An obvious one are lava flows. Depending on the type of volcano, lava can be sticky or runny. The sticky lava tends to be able to store more pressure, and erupt more violently when it finally does. That's what happened e.g. when Mount St. Helens erupted on May 18, 1980. More runny lava tends to erupt less explosively, instead we say the eruptions are "effusive". Of course, as always, there are exceptions to those rules, but it's a good big picture way to think about different styles of eruptions. During effusive eruptions, runny lava either just trickles out of a vent, or sometimes fountains out of fissures. That looks just like a fountain in the park, but with lava instead of water. Here's a video from Kilauea on Hawai`i, you can see lava fountaining out of a fissure, and then - curiously - disappearing into a crack in the ground.
Lava flows are a hazard, mainly because there's not that much that you can do when one shows up in your backyard, like in the photo below. Luckily, at least they're usually quite slow, so you should be able to run (or even walk) away and save yourself.
|Lava flow in Kalapana, a now mostly abandoned village on the Big Island of Hawai`i (photo:USGS/Wikimedia Commons)|
So that's lava flows. But did I mention mudflows, so-called lahars? Those guys can be quite dangerous too. But what are they? Imagine an explosive eruption with a pyroclastic flow. That kind of eruption often happens on steep, high volcanoes which in turn have snow and ice covering them, sometimes all year round. We learned that pyroclastic flows are really hot, right? What happens to some (or all) of the snow and ice when it gets hit by a pyroclastic flow? It melts. Sometimes a lot. So now we have a lahar - a hot mix of ash, lapilli, bombs, and meltwater rushing down the mountain, sometimes as fast as a car. During that process, lahars often take out trees and other "obstacles", and the more material they carry the more obstacles they can take out, like a tsunami on land. That's exactly what happened in 1985 at Nevado del Ruiz, Colombia. The lahar that was caused by a relatively small explosive eruption was so powerful rushing down into the country surrounding the volcano that it killed over 23,000 people, and left another 10,000 injured and/or homeless.
The same thing can happen long after an eruption has stopped. After the famous eruption of Mount Pinatubo in the Philippines in 1991, not snow and ice but heavy rain started to generate mudflows by mixing with ash on the slopes of the mountain.
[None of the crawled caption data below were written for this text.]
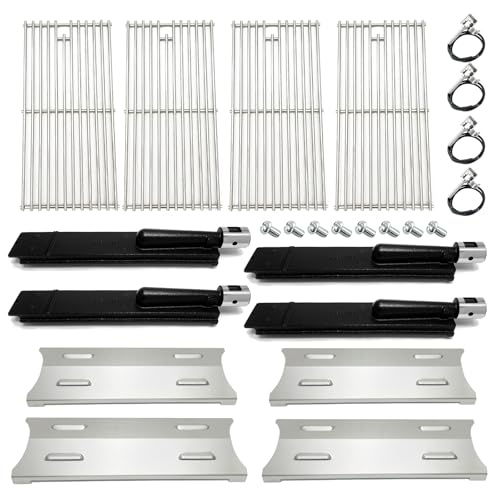 Tmozyar Heat Plates Cooking Grates 4 Burners and Igniter Replacement Parts for Master Forge BG179A Gas Grill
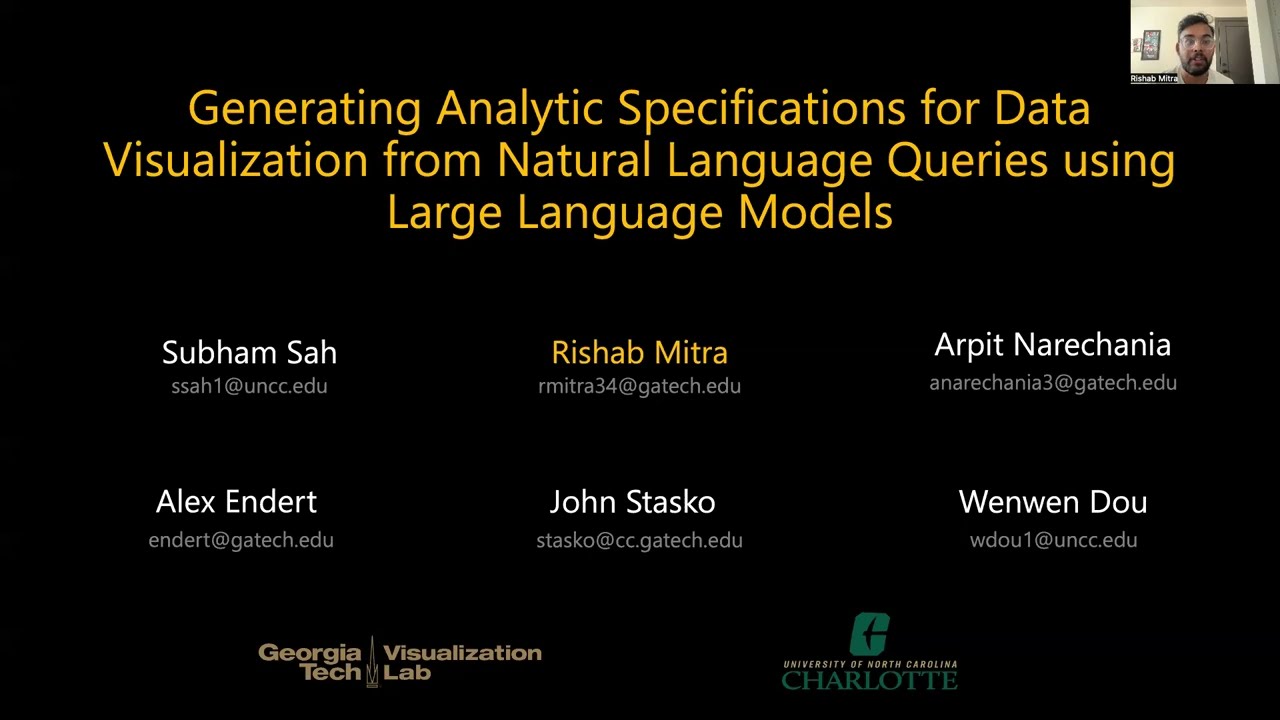 Generating Analytic Specifications for Visualizations from NL using LLM | NL4DV | Talk | IEEE VIS'24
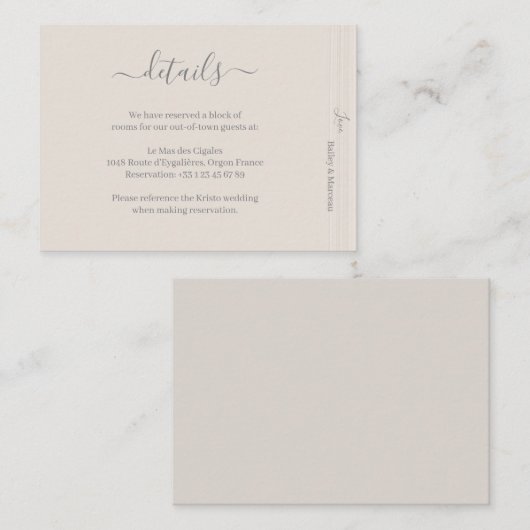 Carte D'accompagnement Élégant ivoire blanc boisMariage Hotel détails (Devant / Derrière)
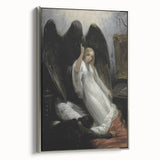 Dark Moody Wall Art - Gothic Guardian Angel Scene for Dramatic Interiors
Below an image of a house buried by a lahar. Imagine how powerful the flow must have been!
|House buried during lahar, Chaiten, Chile, Dec 2009 (photo: Photovolcanica/Richard Roscoe)|
Let's keep in mind that these flows can happen a long time after a volcano has stopped erupting, as long as there is enough loose material on its slopes. Now we need to monitor not only the volcano, but also keep an eye on the weather to make sure we're covering all our bases. Luckily, some smart engineering can help us against this hazard. In some places, e.g. at Sakurajima in Japan, they constructed large, concrete flow channels and dams (sabos) to direct lahars away from villages. Even though sabos can't provide a guarantee that a lahar won't sweep away your house, they're a good start at reducing the risk linked to this particular type of volcanic hazard.